- Thittachery Location in Tamil Nadu, India
- Coordinates: 10°52′14″N 79°47′48″E﻿ / ﻿10.87056°N 79.79667°E
- Country: India
- State: Tamil Nadu
- District: Nagapattinam

Area
- • Total: 8 km^{2} (3.1 sq mi)

Population (2011)
- • Total: 9,245
- • Density: 1,200/km^{2} (3,000/sq mi)

Languages
- • Official: Tamil
- Time zone: UTC5:30 (IST)
- ZIP Code: 609703
- Telephone code: 04365
- Vehicle registration: TN 51

= Thittacheri =

Thittacheri is a town panchayat in Nagapattinam district in the Indian state of Tamil Nadu.

==Demographics==
According to the 2011 Census of India, Thittacheri had a total population of 9,245. Males constitute 48.2% of the population, and females 51.8%. Thittacheri has an average literacy rate of 78.42%, higher than the national average of 74.04%: male literacy is 82.65%, and female literacy is 74.5%. In Thittacheri, 11.8% of the population is under 6 years of age.
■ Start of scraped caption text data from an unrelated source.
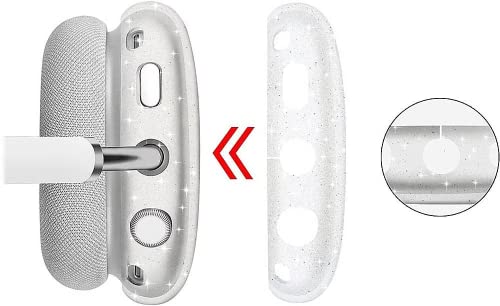 Saharacase Hybrid Flex Cover Case For Apple Airpods Max [Rugged] Headphone Protection Antislip Grip Slim (Transparent Sparkle) #TOP5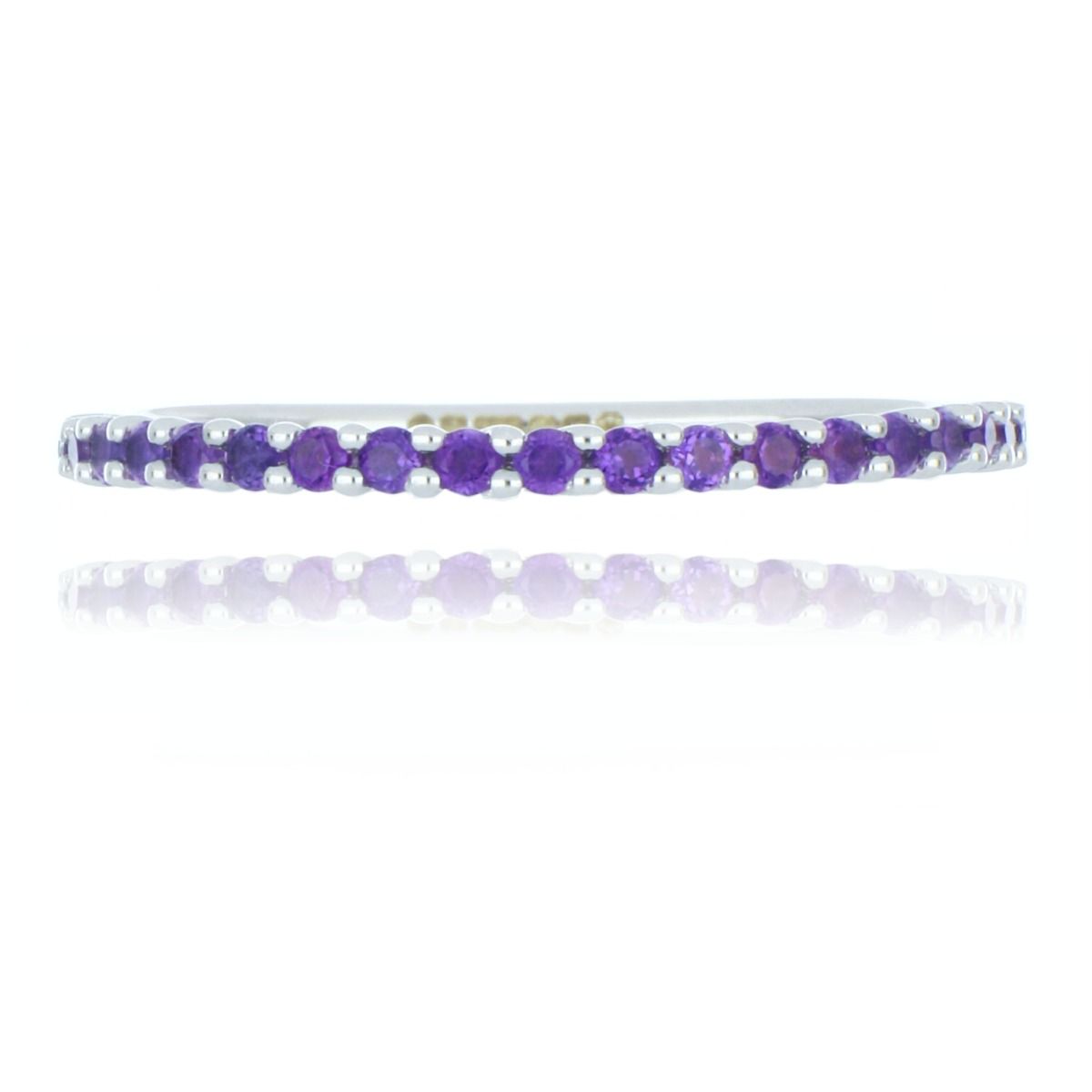 9ct White Gold Amethyst Half Eternity Ring Allum Sidaway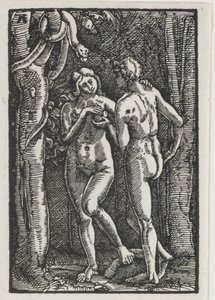 Upadek i odkupienie człowieka: Adam i Ewa jedzący zakazany owoc, c. 1513. autorstwa Albrecht Altdorfer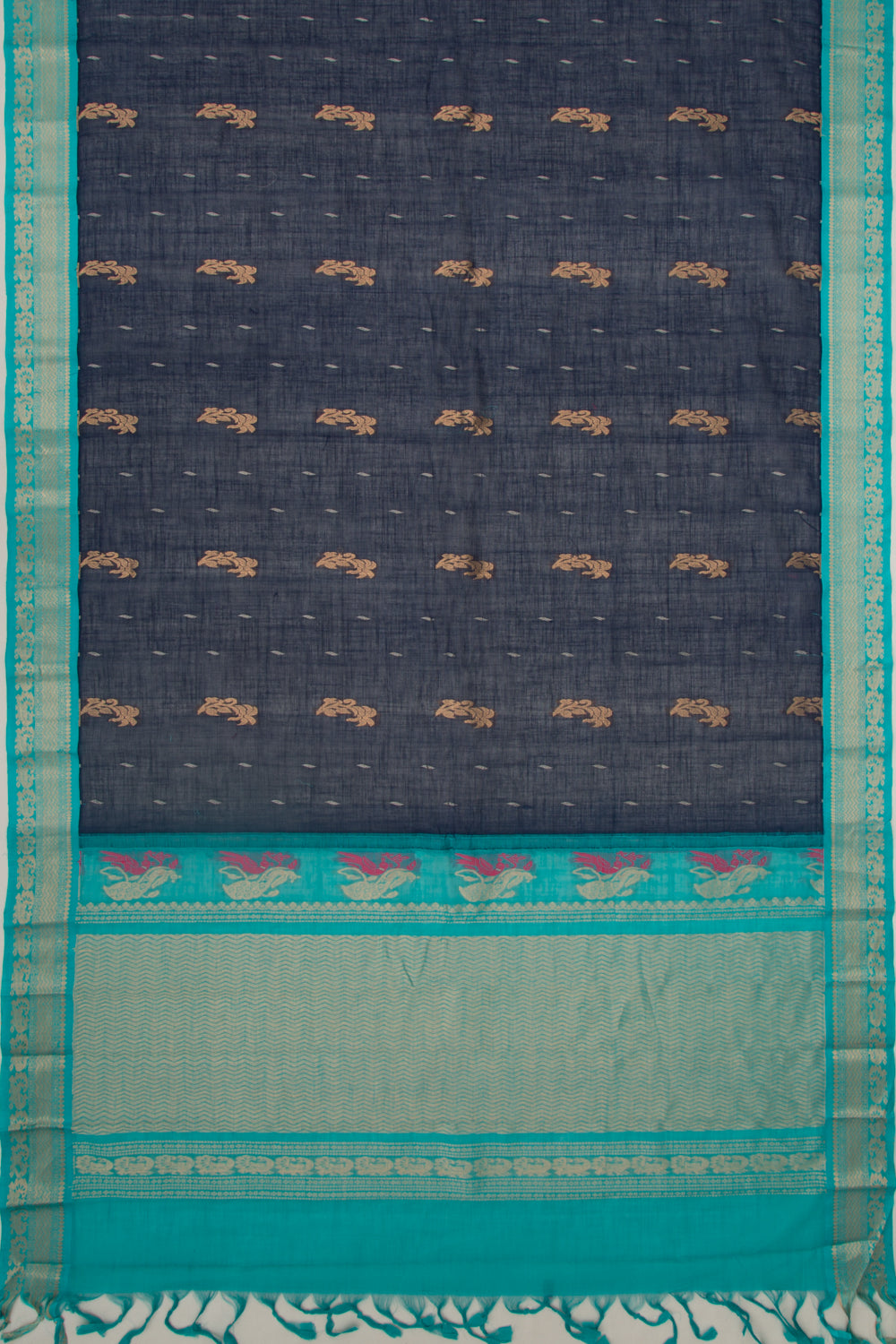 Gadwal Cotton Butta Dark Blue Saree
The town had a total of 1,985 households. Muslims are the majority of the population, and Tamil is the predominant language.

== Sports ==
In Thittachery mainly 2 games is considered as a favorite game of the people of Thittachery they are football and volleyball. There are many footballers are in Thittachery and they play for famous clubs like Chennaiyin FC, Gokulam Kerala Fc, Kerala blasters and there is a famous football club in Thittachery called Mansoor football club which is widely regarded as best club around the Nagapattinam, Thanjavur and Thiruvarur District.